DESCRIPTION OF THE TASK:
Output the listing word for word, minus pictures.

GIVEN MATERIAL:
═══

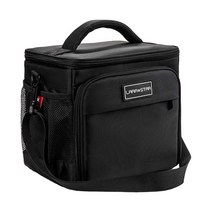 헬스도시락가방 사각 도시락가방 다이어트식단 휴대용, 블랙 17x25x24 중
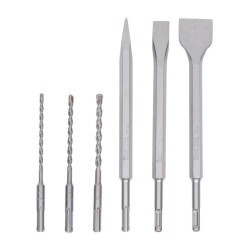 punte/scalpelli trapano makita sds+ 6-pezzi [d-58920]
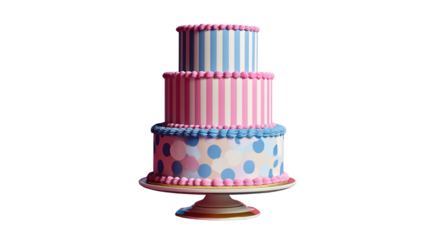 birthday cake isolated created with Generative 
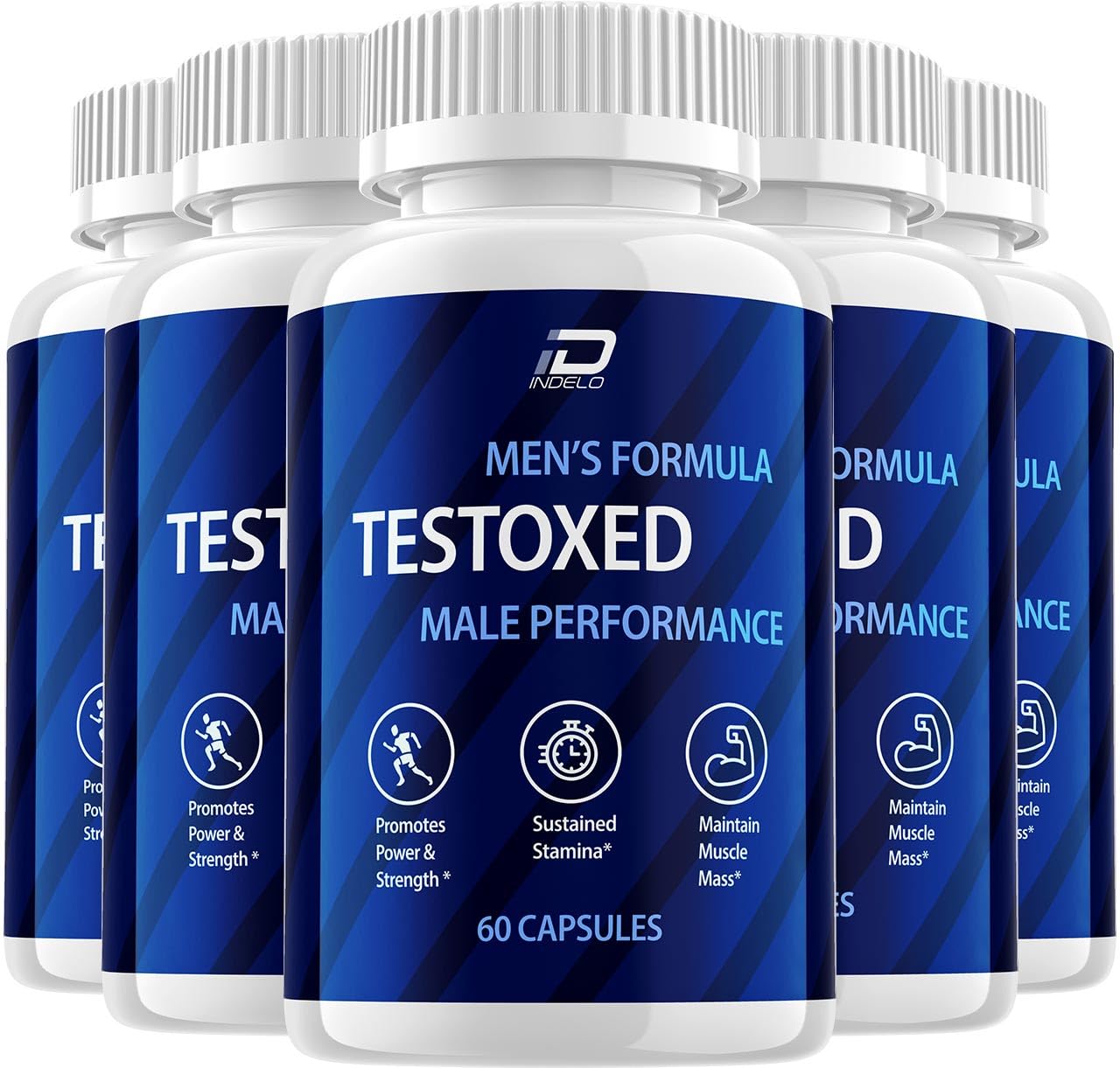 Testoxed Capsules Supplement, Testoxed Advanced Men Wellness Support, Official Testoxed Maximum Strength Energy Performance, Testoxed Premium Dietary Formula Reviews (5 Pack - 300 Capsules)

═══

EXERCISE ANSWER:
 헬스도시락가방 사각 도시락가방 다이어트식단 휴대용, 블랙 17x25x24 중
 punte/scalpelli trapano makita sds+ 6-pezzi [d-58920]
 birthday cake isolated created with Generative 
 Testoxed Capsules Supplement, Testoxed Advanced Men Wellness Support, Official Testoxed Maximum Strength Energy Performance, Testoxed Premium Dietary Formula Reviews (5 Pack - 300 Capsules)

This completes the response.